Exercise brief | Please give the whole listing again exactly, without any of its pictures.

______

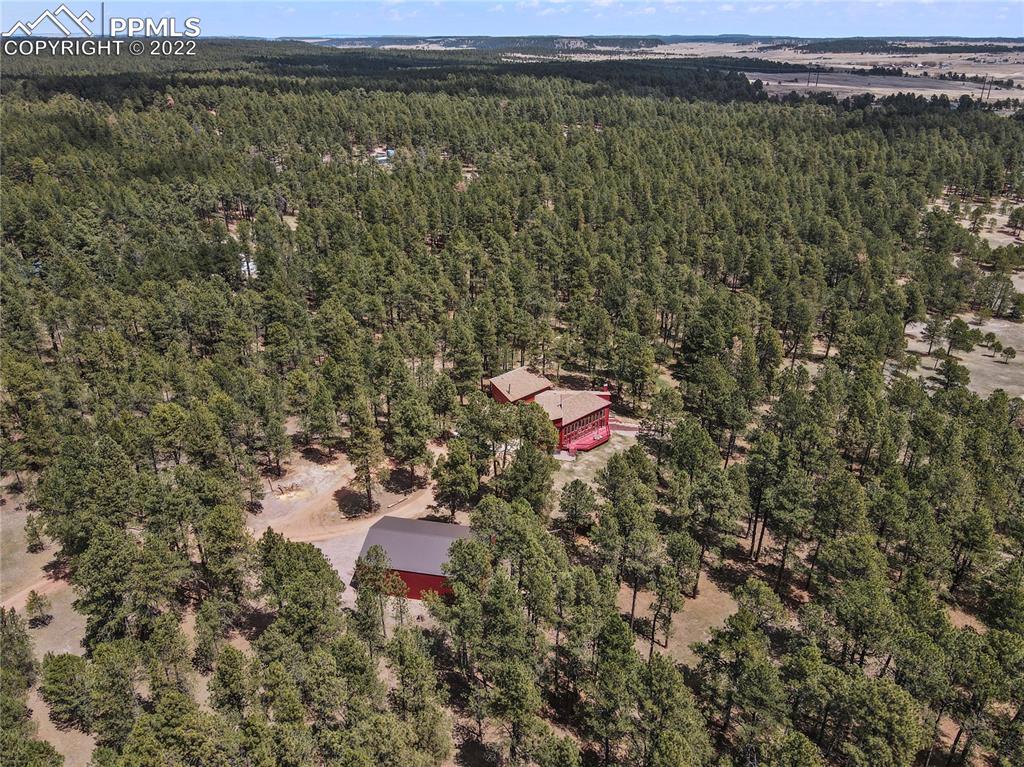 16955 Goshawk Road Colorado Springs, CO 80908 - Photo 4 of 50 Gallery Image 4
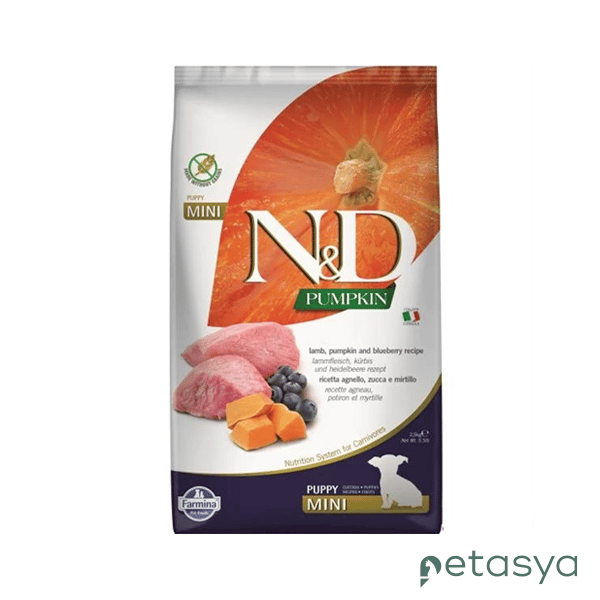 N&D Pumpkin Bal Kabaklı Kuzulu ve Yaban Mersinli  Küçük Irk Tahılsız Yavru Köpek Maması 2,5 Kg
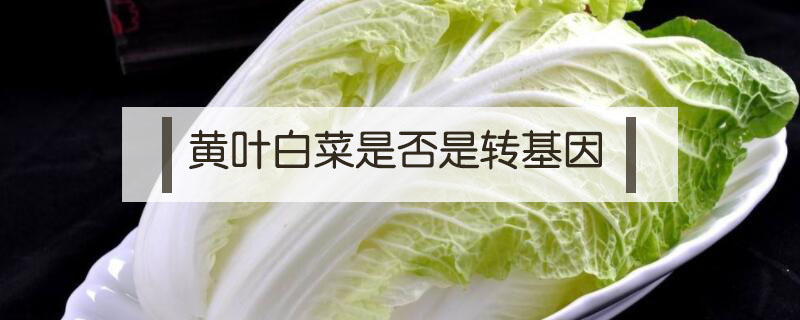 黃葉白菜是否是轉(zhuǎn)基因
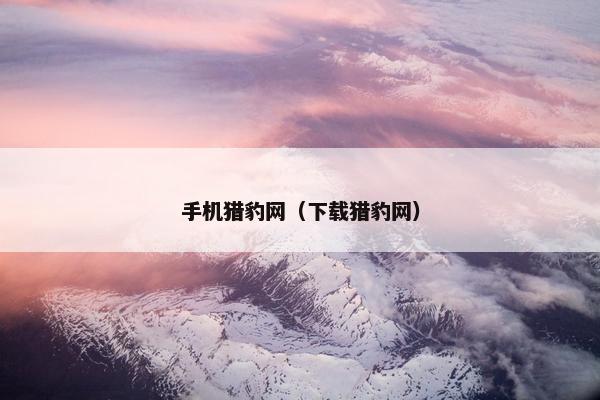 手机猎豹网（下载猎豹网）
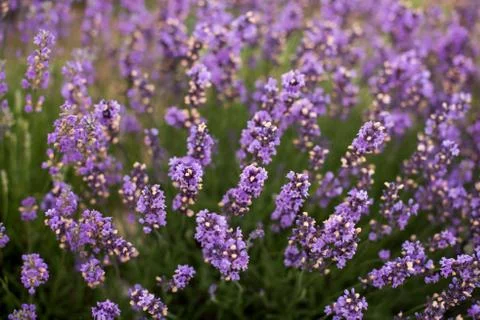 Lavender Stock Photos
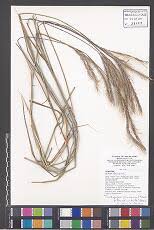 Image result for Trichoneura schlechteri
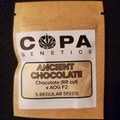 Vente: Copa Genetics Ancient Chocolate 5 pack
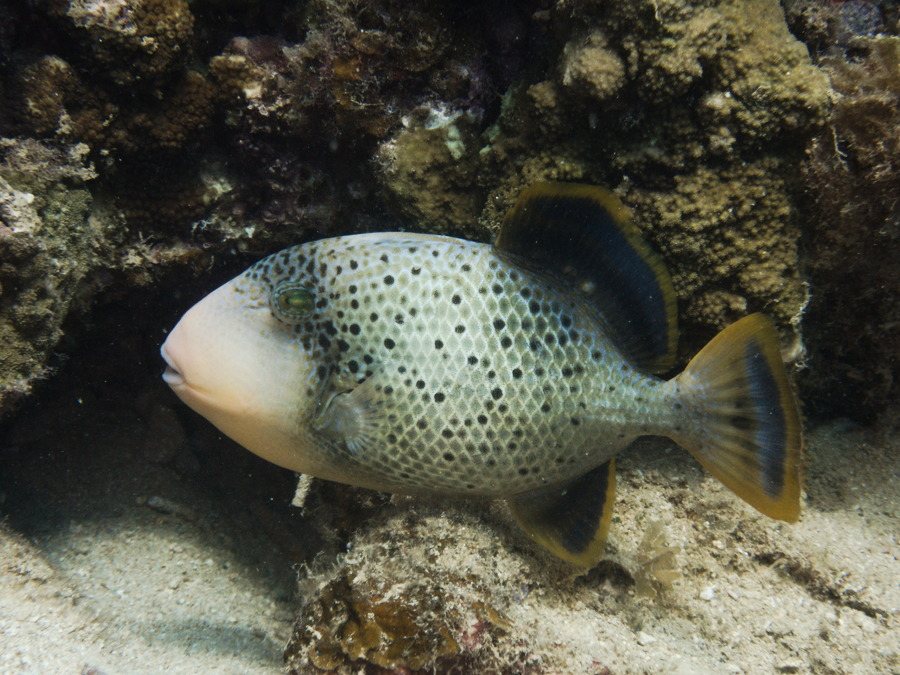 Pseudobalistes flavimarginatus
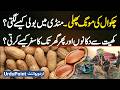 Peanut Farming In Pakistan - Chakwal’s Peanut Journey: From Fields To Market, Auctions, Our Kitchens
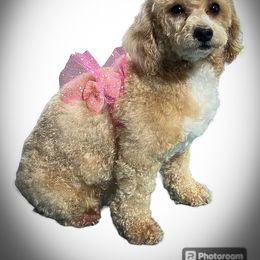 Rosie - Havapoo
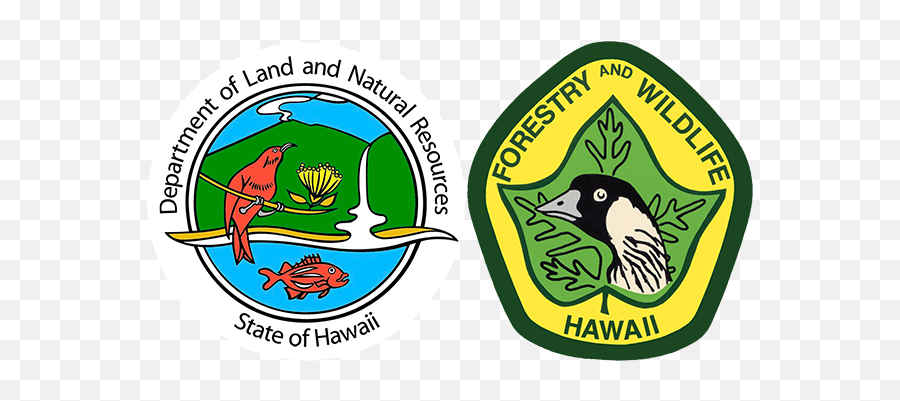 Division Of Forestry And Wildlife Wildlife Program - Dlnr Emoji,Low Lighting Emotions Site:.gov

______

Reply to the exercise |
 16955 Goshawk Road Colorado Springs, CO 80908 - Photo 4 of 50 Gallery Image 4
 N&D Pumpkin Bal Kabaklı Kuzulu ve Yaban Mersinli  Küçük Irk Tahılsız Yavru Köpek Maması 2,5 Kg
 黃葉白菜是否是轉(zhuǎn)基因
 手机猎豹网（下载猎豹网）
 Lavender Stock Photos
 Image result for Trichoneura schlechteri
 Vente: Copa Genetics Ancient Chocolate 5 pack
 Pseudobalistes flavimarginatus
 Peanut Farming In Pakistan - Chakwal’s Peanut Journey: From Fields To Market, Auctions, Our Kitchens
 Rosie - Havapoo
 Division Of Forestry And Wildlife Wildlife Program - Dlnr Emoji,Low Lighting Emotions Site:.gov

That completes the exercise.